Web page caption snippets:
----

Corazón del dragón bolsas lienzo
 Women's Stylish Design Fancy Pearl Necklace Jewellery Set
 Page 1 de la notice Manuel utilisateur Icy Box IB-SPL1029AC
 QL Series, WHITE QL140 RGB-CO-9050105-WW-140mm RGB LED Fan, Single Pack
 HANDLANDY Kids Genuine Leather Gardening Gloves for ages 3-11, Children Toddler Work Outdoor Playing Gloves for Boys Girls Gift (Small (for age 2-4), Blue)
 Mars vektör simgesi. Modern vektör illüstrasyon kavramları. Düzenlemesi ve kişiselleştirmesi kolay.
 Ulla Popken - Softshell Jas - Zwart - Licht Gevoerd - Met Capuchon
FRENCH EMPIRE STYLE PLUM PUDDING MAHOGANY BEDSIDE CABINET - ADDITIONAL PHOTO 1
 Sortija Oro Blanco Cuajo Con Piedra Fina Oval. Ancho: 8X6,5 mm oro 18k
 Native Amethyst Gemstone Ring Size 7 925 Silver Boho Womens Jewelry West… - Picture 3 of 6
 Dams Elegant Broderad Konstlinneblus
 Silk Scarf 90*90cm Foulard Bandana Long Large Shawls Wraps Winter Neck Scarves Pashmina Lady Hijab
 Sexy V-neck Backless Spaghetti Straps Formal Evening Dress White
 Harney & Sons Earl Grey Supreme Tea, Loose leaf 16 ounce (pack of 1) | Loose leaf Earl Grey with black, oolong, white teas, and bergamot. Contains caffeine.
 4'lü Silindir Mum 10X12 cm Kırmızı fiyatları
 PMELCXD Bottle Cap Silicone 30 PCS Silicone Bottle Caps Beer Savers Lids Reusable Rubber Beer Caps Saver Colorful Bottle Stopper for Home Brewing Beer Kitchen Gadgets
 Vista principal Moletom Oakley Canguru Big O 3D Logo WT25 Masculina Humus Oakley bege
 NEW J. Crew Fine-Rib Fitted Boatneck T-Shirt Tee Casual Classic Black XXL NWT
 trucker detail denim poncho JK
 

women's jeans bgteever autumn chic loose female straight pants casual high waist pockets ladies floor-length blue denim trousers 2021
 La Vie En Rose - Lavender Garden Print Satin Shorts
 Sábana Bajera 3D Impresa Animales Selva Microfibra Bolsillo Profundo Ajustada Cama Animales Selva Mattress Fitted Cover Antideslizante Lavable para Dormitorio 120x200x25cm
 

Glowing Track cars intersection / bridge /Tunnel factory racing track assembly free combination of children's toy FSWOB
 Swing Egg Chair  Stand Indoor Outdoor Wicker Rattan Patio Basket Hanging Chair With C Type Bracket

----

Word for word, transcribe the data shown above.

▸ **RESULT FOR THIS EXERCISE**
Corazón del dragón bolsas lienzo
 Women's Stylish Design Fancy Pearl Necklace Jewellery Set
 Page 1 de la notice Manuel utilisateur Icy Box IB-SPL1029AC
 QL Series, WHITE QL140 RGB-CO-9050105-WW-140mm RGB LED Fan, Single Pack
 HANDLANDY Kids Genuine Leather Gardening Gloves for ages 3-11, Children Toddler Work Outdoor Playing Gloves for Boys Girls Gift (Small (for age 2-4), Blue)
 Mars vektör simgesi. Modern vektör illüstrasyon kavramları. Düzenlemesi ve kişiselleştirmesi kolay.
 Ulla Popken - Softshell Jas - Zwart - Licht Gevoerd - Met Capuchon
FRENCH EMPIRE STYLE PLUM PUDDING MAHOGANY BEDSIDE CABINET - ADDITIONAL PHOTO 1
 Sortija Oro Blanco Cuajo Con Piedra Fina Oval. Ancho: 8X6,5 mm oro 18k
 Native Amethyst Gemstone Ring Size 7 925 Silver Boho Womens Jewelry West… - Picture 3 of 6
 Dams Elegant Broderad Konstlinneblus
 Silk Scarf 90*90cm Foulard Bandana Long Large Shawls Wraps Winter Neck Scarves Pashmina Lady Hijab
 Sexy V-neck Backless Spaghetti Straps Formal Evening Dress White
 Harney & Sons Earl Grey Supreme Tea, Loose leaf 16 ounce (pack of 1) | Loose leaf Earl Grey with black, oolong, white teas, and bergamot. Contains caffeine.
 4'lü Silindir Mum 10X12 cm Kırmızı fiyatları
 PMELCXD Bottle Cap Silicone 30 PCS Silicone Bottle Caps Beer Savers Lids Reusable Rubber Beer Caps Saver Colorful Bottle Stopper for Home Brewing Beer Kitchen Gadgets
 Vista principal Moletom Oakley Canguru Big O 3D Logo WT25 Masculina Humus Oakley bege
 NEW J. Crew Fine-Rib Fitted Boatneck T-Shirt Tee Casual Classic Black XXL NWT
 trucker detail denim poncho JK
 

women's jeans bgteever autumn chic loose female straight pants casual high waist pockets ladies floor-length blue denim trousers 2021
 La Vie En Rose - Lavender Garden Print Satin Shorts
 Sábana Bajera 3D Impresa Animales Selva Microfibra Bolsillo Profundo Ajustada Cama Animales Selva Mattress Fitted Cover Antideslizante Lavable para Dormitorio 120x200x25cm
 

Glowing Track cars intersection / bridge /Tunnel factory racing track assembly free combination of children's toy FSWOB
 Swing Egg Chair  Stand Indoor Outdoor Wicker Rattan Patio Basket Hanging Chair With C Type Bracket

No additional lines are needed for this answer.